In a recent thought-provoking TDWI article, David Champagne informed readers of The Rise of Data Science: a discipline of emulating the scientific method when analyzing data, in a conscious and laudable effort to ensure objectivity and avoid poor analytical practices.
As I had just recently blogged on the Texas Sharpshooter Fallacy, a type of flawed analytical logic business intelligence users might fall into, David Champagne’s article caught my attention.
From David Champagne’s article:
Back in the “good old days,” data was the stuff generated by scientific experiments. Remember the scientific method? First you ask a question, then you construct a hypothesis, and you design an experiment. You run your experiment, collect and analyze the data, and draw conclusions.

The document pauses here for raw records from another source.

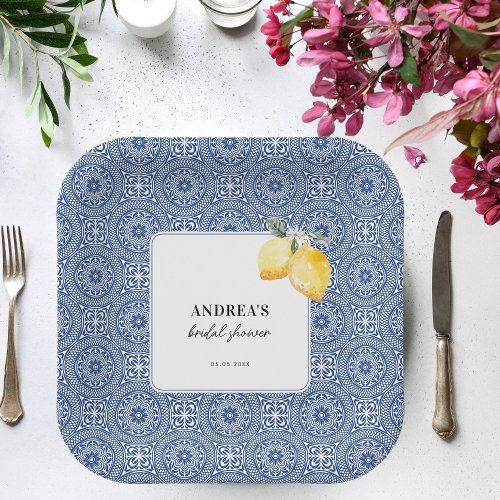 Italian Lemon Floral  Blue Tile Bridal Shower Paper Plates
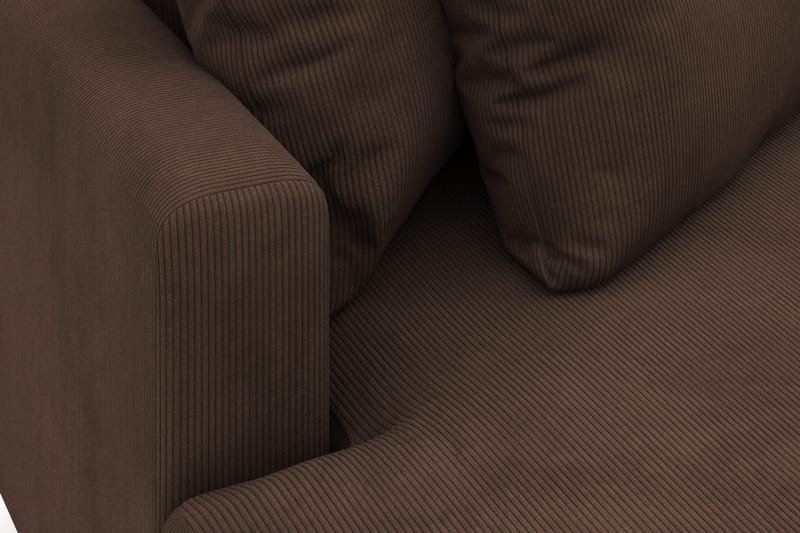 Menard 4-seters Venstrevendt L-formet Divansofa i Manchester - Brun - Møbler - Sofaer - Sofa med sjeselong
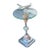1930s Light Up Chrome Airplane Streamline Art Deco Drink Side Glass Top Table W/ Art Glass Base For Sale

Finally, you communicate your results and let other people throw rocks at them.
Nowadays, thanks largely to all of the newer tools and techniques available for handling ever-larger sets of data, we often start with the data, build models around the data, run the models, and see what happens. This is less like science and more like panning for gold…Perhaps the term “data scientist” reflects a desire to see data analysis return to its scientific roots…

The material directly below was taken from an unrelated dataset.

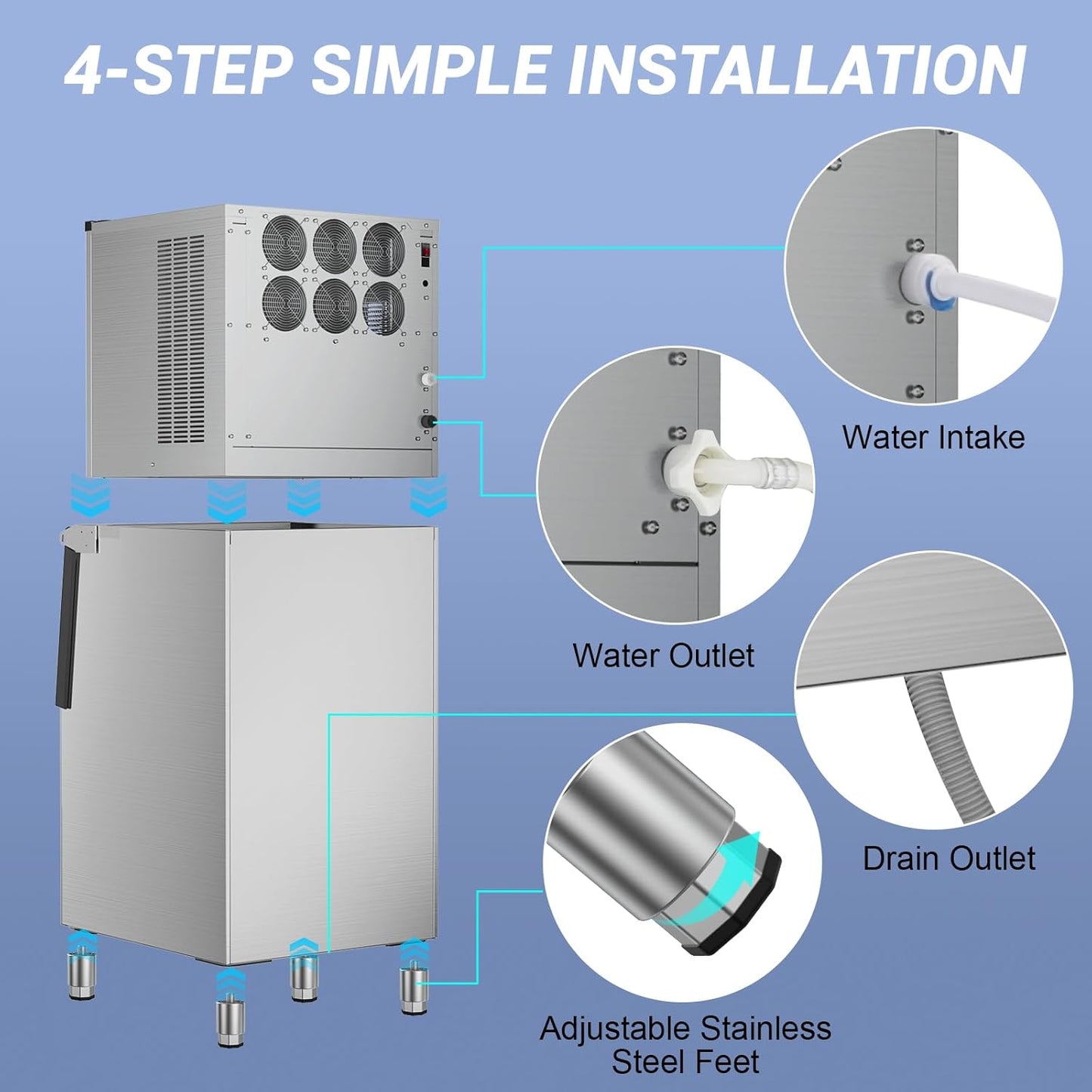 Ice Maker Commercial Ice Machine Large Capacity Stainless Steel 500 Lbs/24H Industrial Ice Machine, 350 Lbs Storage Commercial Ice Machines Free Standing, Cubes Ice Makers Commercial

Barry Devlin, in his business-focused commentary on David Champagne’s article, noted the worlds of science and business have rather different goals and visions, which I interpreted as data science might offer limited benefit to business managers. But perhaps the best practices of data scientists have a lot more in common with those of business managers after all, in light of some commentary I came across on effective business decision-making. That commentary gave high praise to the manager who utilizes the scientific method in the decision-making process. The author was not a technologist, but rather: Peter Drucker, the father of modern business management.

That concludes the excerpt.